§ **Work request**
Write the listing out once more, identical to the original but without pictures.

Information shown START

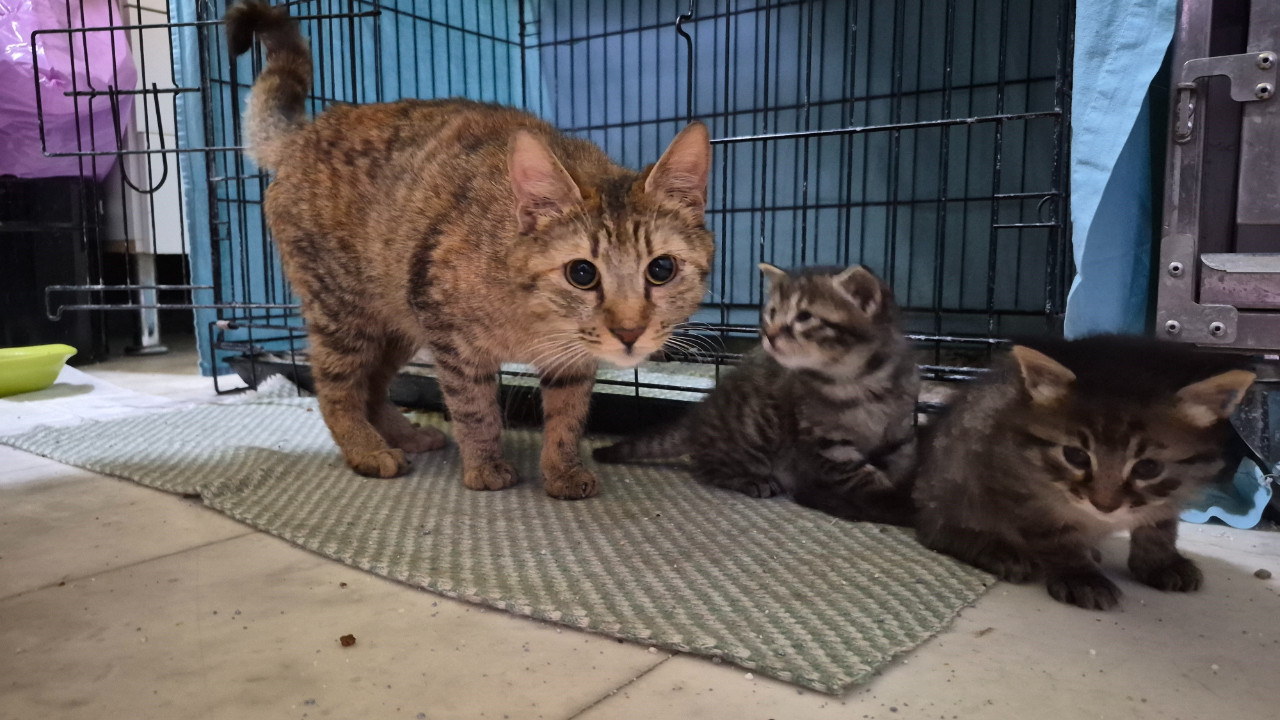 Hamile kedi veterinere sığındı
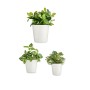 Set of pots Ø 14 cm Ø 22 cm Ø 17 cm Cónica 3 Pieces White by Ibergarden, Flower Pots - Ref: S3630811, Price: 14,59 €, Discoun...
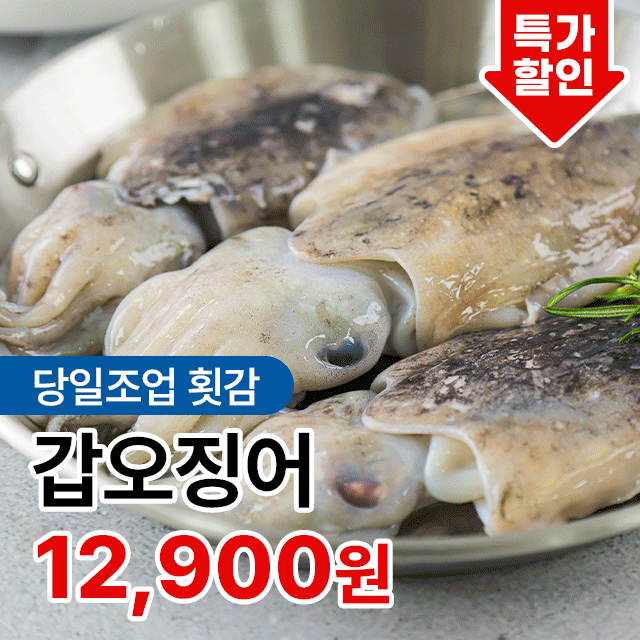 당일조업 횟감 통찜 가능한 자연산 갑오징어 활 생물 1kg 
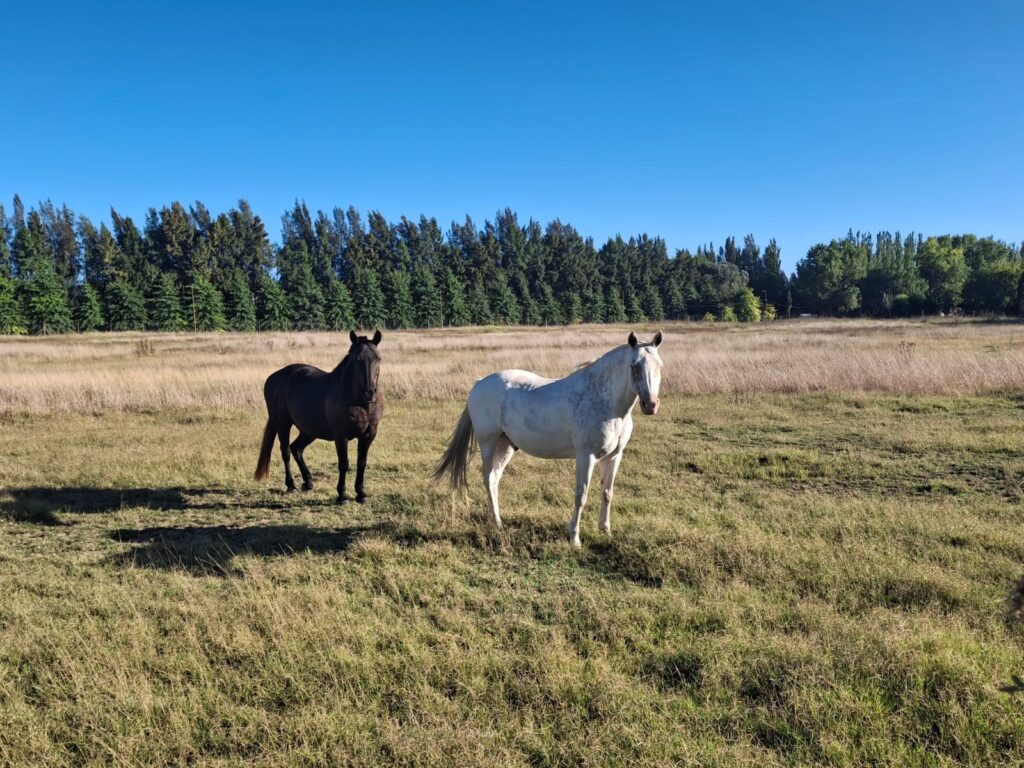 Caballos en General Brandsen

Information shown END

§ **Task answer**
 Hamile kedi veterinere sığındı
 Set of pots Ø 14 cm Ø 22 cm Ø 17 cm Cónica 3 Pieces White by Ibergarden, Flower Pots - Ref: S3630811, Price: 14,59 €, Discoun...
 당일조업 횟감 통찜 가능한 자연산 갑오징어 활 생물 1kg 
 Caballos en General Brandsen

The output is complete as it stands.